## MATERIAL TO PROCESS
☆ ☆ ☆ ☆ ☆ ☆ ☆

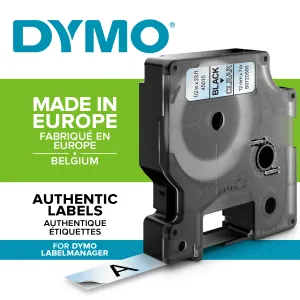 Dymo originál páska do tlačiarne štítkov, Dymo, 40910, S0720670, čierny tlač/transparentná podklad, 7m, 9mm, D1 40910
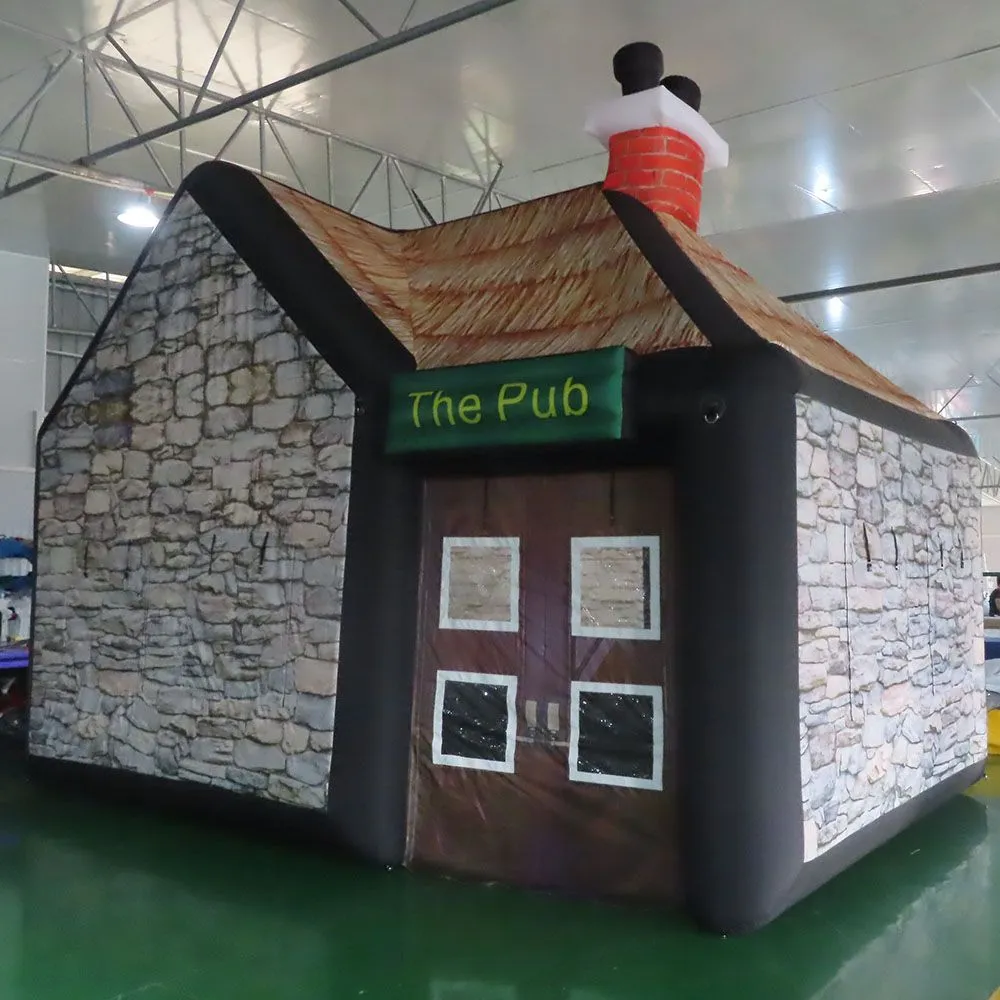 vente en gros petit pub gonflable 6x4x4mH (20x13,2x13,2 pieds) avec cheminée, bar de fête gonflable pour tente de maison mobile pour le divertissement en plein air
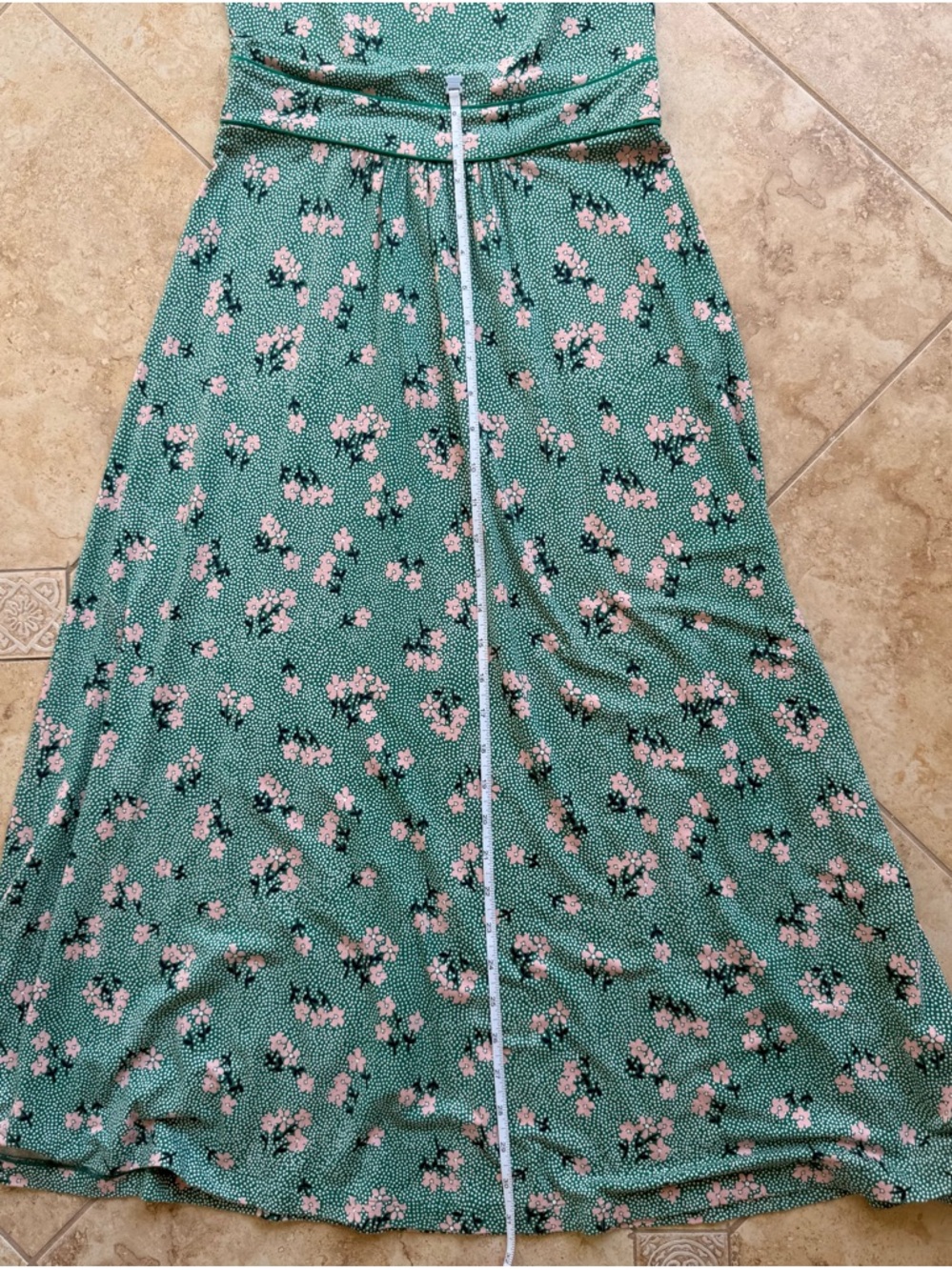 Boden Green Floral Short-Sleeve Midi Dress with Pink Blossoms - Picture 11 of 12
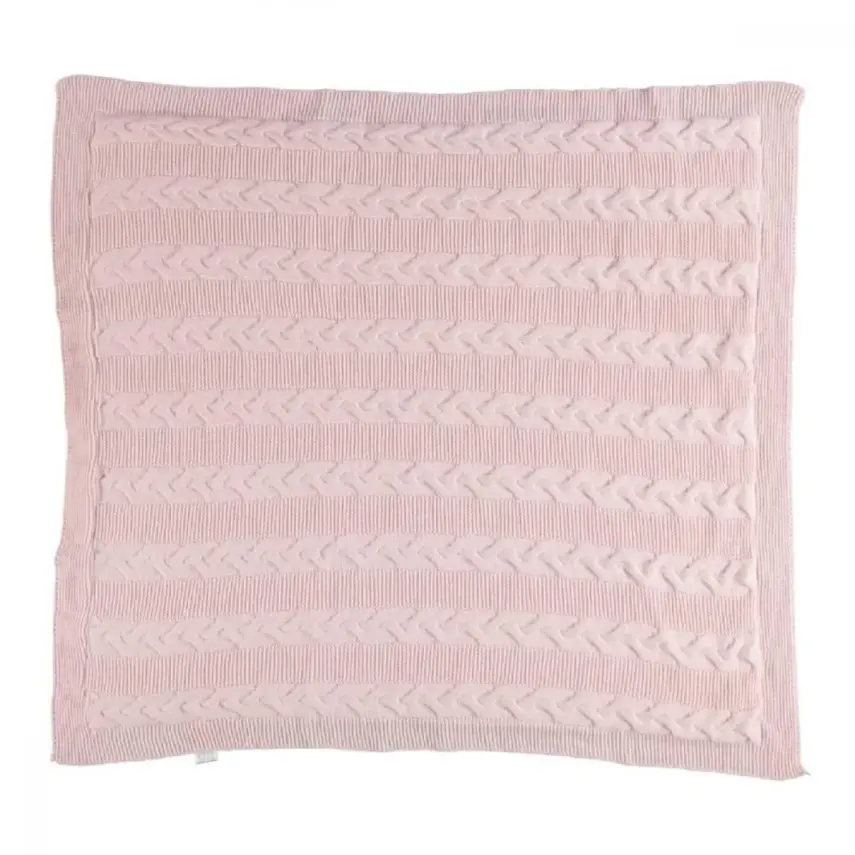 Bibaby Kız Battaniye Zincir Triko Pembe - 1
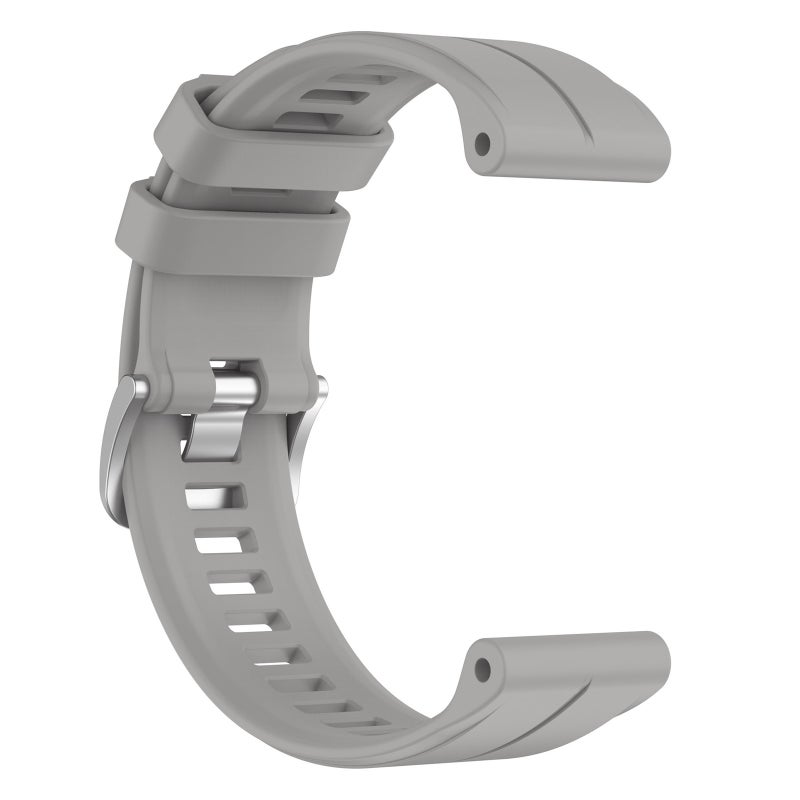 S-TOP For Garmin Fenix 5 22mm Solid Color Silicone Watch Band(Grey) - Image 3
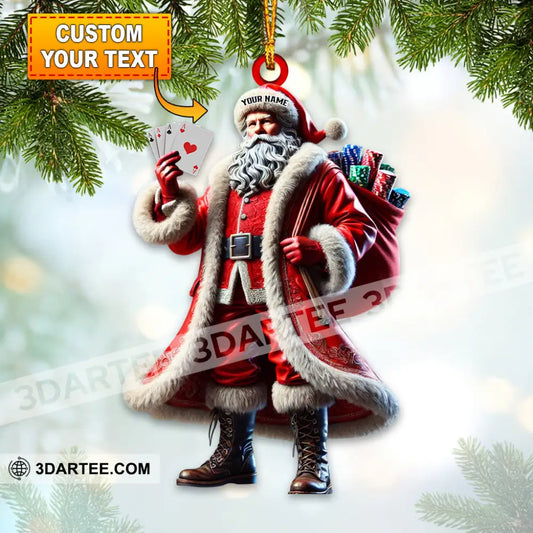 Santa Poker Christmas Home Decor Christmas Ornament Personalized Ornament 3.54’’ / 1 Ornament Ornament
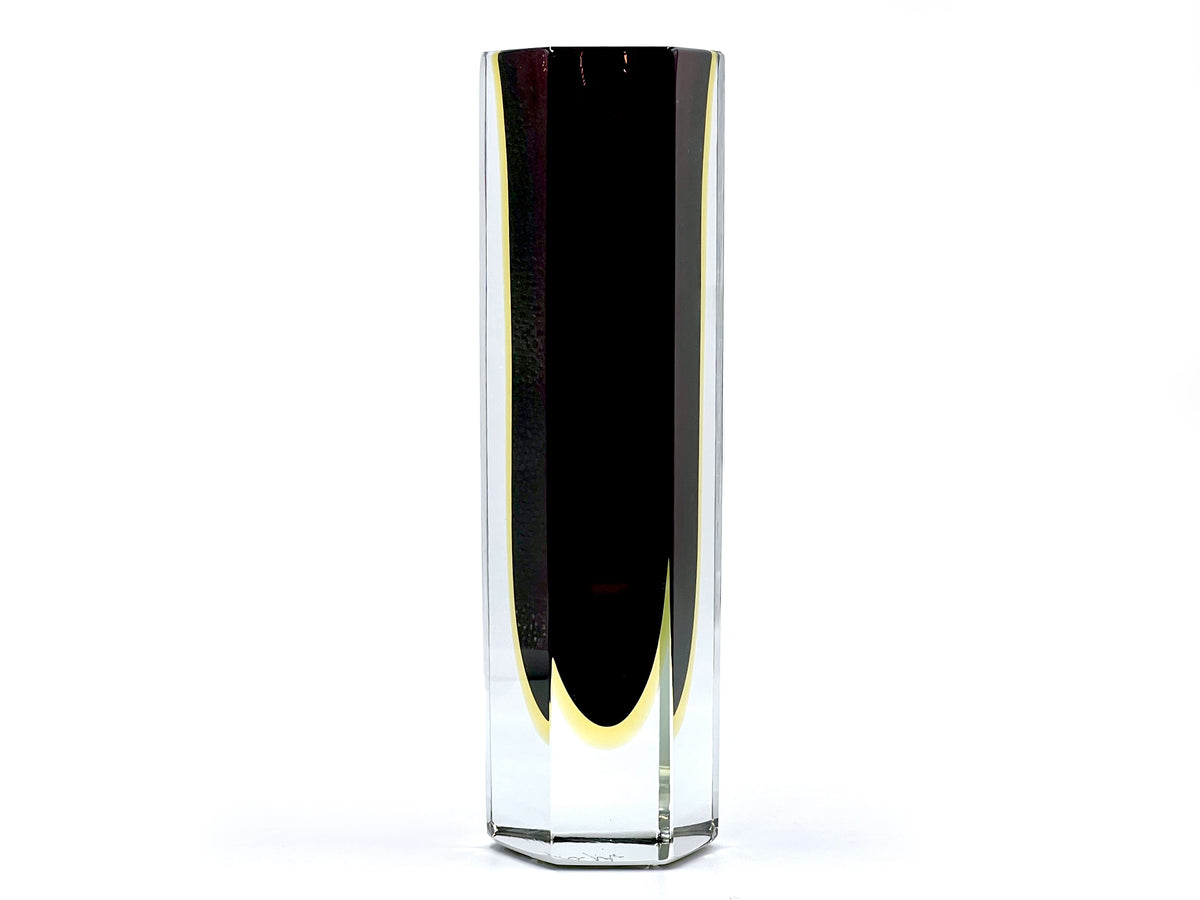 Mandruzzato (Murano, Italy) Faceted Art Glass 'Esagonale' 10" Block Vase, in Burgundy/Honey Gold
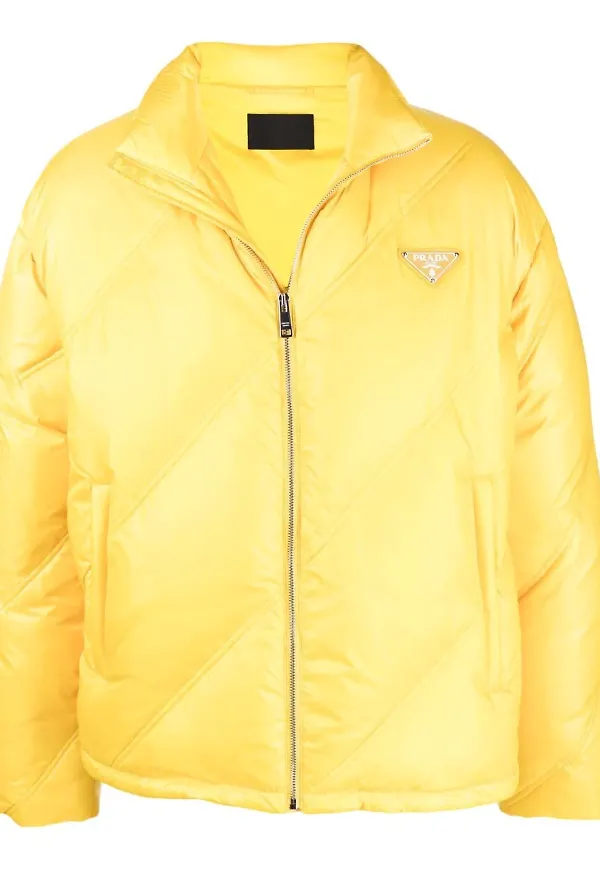 Prada puffjacka med triangelmärke - Gul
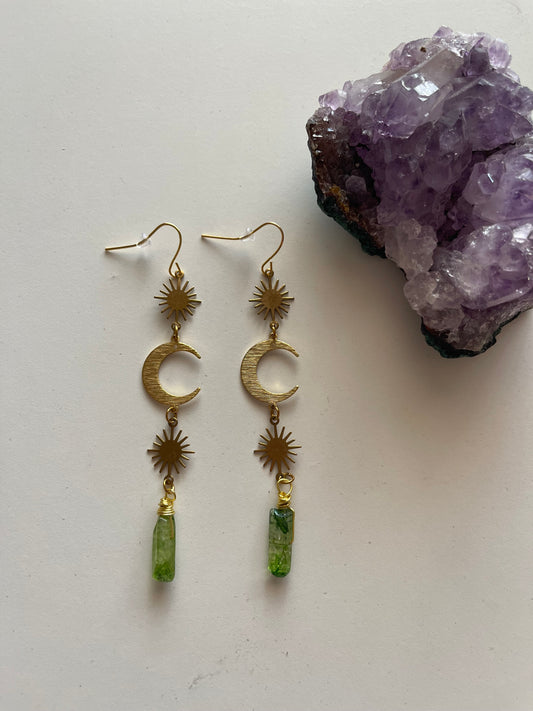 Green Celestial Quartz Drop Earrings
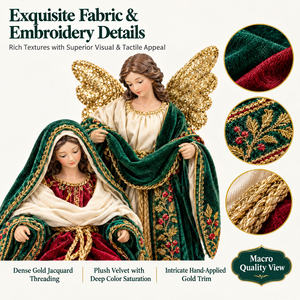 Set Natività <span class=keywords><strong>in</strong></span> Velluto e Resina Cucito a Mano, 11 Pezzi: Gesù, Angeli, Pecore, Bue, Asino - Decorazione Natalizia per Chiesa e Casa, Idea <span class=keywords><strong>Regalo</strong></span> - Product Image 3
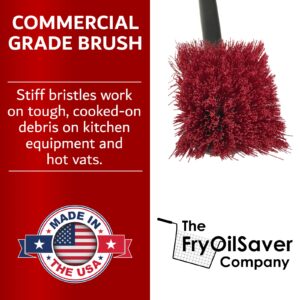 Heavy Duty High Heat Deep Fryer 20" Cleaning Brush, Pot Brush, Long Handle, Brush for Commercial Fryer, Grills, Griddle, and Waffle Maker, Restaurant Kitchen Fryer Brush, FryOilSaver Co. FRY-12116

☆ ☆ ☆ ☆ ☆ ☆ ☆

## TASK TO COMPLETE
Except for the pictures, return every line of the material exactly.

## WRITTEN REPLY
 Dymo originál páska do tlačiarne štítkov, Dymo, 40910, S0720670, čierny tlač/transparentná podklad, 7m, 9mm, D1 40910
 vente en gros petit pub gonflable 6x4x4mH (20x13,2x13,2 pieds) avec cheminée, bar de fête gonflable pour tente de maison mobile pour le divertissement en plein air
 Boden Green Floral Short-Sleeve Midi Dress with Pink Blossoms - Picture 11 of 12
 Bibaby Kız Battaniye Zincir Triko Pembe - 1
 S-TOP For Garmin Fenix 5 22mm Solid Color Silicone Watch Band(Grey) - Image 3
 Santa Poker Christmas Home Decor Christmas Ornament Personalized Ornament 3.54’’ / 1 Ornament Ornament
 Mandruzzato (Murano, Italy) Faceted Art Glass 'Esagonale' 10" Block Vase, in Burgundy/Honey Gold
 Prada puffjacka med triangelmärke - Gul
 Green Celestial Quartz Drop Earrings
 Set Natività <span class=keywords><strong>in</strong></span> Velluto e Resina Cucito a Mano, 11 Pezzi: Gesù, Angeli, Pecore, Bue, Asino - Decorazione Natalizia per Chiesa e Casa, Idea <span class=keywords><strong>Regalo</strong></span> - Product Image 3
 Heavy Duty High Heat Deep Fryer 20" Cleaning Brush, Pot Brush, Long Handle, Brush for Commercial Fryer, Grills, Griddle, and Waffle Maker, Restaurant Kitchen Fryer Brush, FryOilSaver Co. FRY-12116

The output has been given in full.